> [ASSIGNED TASK] Once the line containing "タイガー炊飯器 ご泡火炊き TIGER JPJ-G606 ブラック 2025年製" is found in the entries below, reproduce it and every line after it, stopping at and including the line containing "Tejero se asoma"; reproduce nothing else, and keep each line exact.

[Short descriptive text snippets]
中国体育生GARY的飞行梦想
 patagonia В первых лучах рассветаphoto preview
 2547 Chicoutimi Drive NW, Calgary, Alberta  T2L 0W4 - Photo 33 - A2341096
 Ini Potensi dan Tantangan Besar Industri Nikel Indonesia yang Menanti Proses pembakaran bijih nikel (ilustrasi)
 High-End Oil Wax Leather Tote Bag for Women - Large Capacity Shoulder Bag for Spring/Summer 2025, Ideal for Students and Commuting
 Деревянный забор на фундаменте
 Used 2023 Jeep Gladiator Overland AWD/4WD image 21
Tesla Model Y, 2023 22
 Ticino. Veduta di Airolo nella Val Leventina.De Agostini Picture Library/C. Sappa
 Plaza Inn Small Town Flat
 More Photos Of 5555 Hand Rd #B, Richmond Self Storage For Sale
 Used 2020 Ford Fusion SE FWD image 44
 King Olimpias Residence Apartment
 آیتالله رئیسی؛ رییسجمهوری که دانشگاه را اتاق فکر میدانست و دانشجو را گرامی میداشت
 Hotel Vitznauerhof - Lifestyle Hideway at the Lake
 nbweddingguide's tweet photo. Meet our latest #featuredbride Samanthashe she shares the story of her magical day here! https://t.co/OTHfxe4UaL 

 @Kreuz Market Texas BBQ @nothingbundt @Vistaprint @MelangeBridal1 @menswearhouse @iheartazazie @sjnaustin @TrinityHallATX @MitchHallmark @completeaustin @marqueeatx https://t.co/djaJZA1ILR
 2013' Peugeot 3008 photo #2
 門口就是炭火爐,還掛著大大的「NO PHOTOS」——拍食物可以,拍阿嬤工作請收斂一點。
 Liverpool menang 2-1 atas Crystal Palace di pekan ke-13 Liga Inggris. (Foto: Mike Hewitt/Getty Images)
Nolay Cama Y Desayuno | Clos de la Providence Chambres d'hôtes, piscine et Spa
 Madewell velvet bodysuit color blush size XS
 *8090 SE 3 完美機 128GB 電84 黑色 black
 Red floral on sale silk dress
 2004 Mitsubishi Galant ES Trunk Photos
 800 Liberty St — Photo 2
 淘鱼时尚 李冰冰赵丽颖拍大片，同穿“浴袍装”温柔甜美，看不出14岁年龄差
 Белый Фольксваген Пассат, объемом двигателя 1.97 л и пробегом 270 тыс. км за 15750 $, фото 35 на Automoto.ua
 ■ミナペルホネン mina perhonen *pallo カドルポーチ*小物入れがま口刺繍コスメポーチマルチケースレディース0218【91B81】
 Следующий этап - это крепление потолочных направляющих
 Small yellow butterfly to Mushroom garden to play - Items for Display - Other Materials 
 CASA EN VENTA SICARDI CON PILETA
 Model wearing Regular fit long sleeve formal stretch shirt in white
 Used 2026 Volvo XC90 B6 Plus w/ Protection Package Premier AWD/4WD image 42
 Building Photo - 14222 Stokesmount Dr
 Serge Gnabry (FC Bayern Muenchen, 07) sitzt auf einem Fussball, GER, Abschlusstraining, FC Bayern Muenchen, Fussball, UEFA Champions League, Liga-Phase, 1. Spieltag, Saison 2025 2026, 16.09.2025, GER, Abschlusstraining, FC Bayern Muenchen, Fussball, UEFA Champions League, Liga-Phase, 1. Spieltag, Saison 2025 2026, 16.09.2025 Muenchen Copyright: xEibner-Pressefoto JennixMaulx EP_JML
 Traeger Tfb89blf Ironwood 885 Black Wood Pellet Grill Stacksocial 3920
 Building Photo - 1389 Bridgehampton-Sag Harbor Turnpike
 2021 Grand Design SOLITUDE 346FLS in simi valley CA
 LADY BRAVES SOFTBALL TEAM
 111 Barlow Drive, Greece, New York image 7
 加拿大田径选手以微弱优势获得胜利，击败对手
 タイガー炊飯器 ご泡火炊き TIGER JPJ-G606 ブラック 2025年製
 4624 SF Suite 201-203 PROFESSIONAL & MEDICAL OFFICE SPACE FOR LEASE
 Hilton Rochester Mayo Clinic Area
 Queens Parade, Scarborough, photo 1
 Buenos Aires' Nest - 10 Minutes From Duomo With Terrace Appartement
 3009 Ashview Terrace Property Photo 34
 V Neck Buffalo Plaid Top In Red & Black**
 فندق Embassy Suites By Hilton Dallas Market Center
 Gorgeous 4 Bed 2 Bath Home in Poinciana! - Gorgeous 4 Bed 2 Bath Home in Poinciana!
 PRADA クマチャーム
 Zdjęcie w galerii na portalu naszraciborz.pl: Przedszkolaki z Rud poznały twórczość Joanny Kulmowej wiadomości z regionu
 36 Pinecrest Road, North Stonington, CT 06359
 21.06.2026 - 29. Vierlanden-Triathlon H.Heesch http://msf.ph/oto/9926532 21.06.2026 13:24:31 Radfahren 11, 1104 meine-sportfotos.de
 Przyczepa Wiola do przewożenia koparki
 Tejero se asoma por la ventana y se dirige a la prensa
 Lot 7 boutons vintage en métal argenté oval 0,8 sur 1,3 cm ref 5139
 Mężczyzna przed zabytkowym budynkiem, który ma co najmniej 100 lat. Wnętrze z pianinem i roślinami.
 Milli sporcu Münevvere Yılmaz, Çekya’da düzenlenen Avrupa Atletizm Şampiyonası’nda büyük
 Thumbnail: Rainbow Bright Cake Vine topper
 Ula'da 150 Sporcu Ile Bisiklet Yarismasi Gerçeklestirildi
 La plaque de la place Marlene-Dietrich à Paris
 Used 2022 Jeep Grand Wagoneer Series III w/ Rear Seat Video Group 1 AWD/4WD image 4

> [TASK RESULT]
 タイガー炊飯器 ご泡火炊き TIGER JPJ-G606 ブラック 2025年製
 4624 SF Suite 201-203 PROFESSIONAL & MEDICAL OFFICE SPACE FOR LEASE
 Hilton Rochester Mayo Clinic Area
 Queens Parade, Scarborough, photo 1
 Buenos Aires' Nest - 10 Minutes From Duomo With Terrace Appartement
 3009 Ashview Terrace Property Photo 34
 V Neck Buffalo Plaid Top In Red & Black**
 فندق Embassy Suites By Hilton Dallas Market Center
 Gorgeous 4 Bed 2 Bath Home in Poinciana! - Gorgeous 4 Bed 2 Bath Home in Poinciana!
 PRADA クマチャーム
 Zdjęcie w galerii na portalu naszraciborz.pl: Przedszkolaki z Rud poznały twórczość Joanny Kulmowej wiadomości z regionu
 36 Pinecrest Road, North Stonington, CT 06359
 21.06.2026 - 29. Vierlanden-Triathlon H.Heesch http://msf.ph/oto/9926532 21.06.2026 13:24:31 Radfahren 11, 1104 meine-sportfotos.de
 Przyczepa Wiola do przewożenia koparki
 Tejero se asoma por la ventana y se dirige a la prensa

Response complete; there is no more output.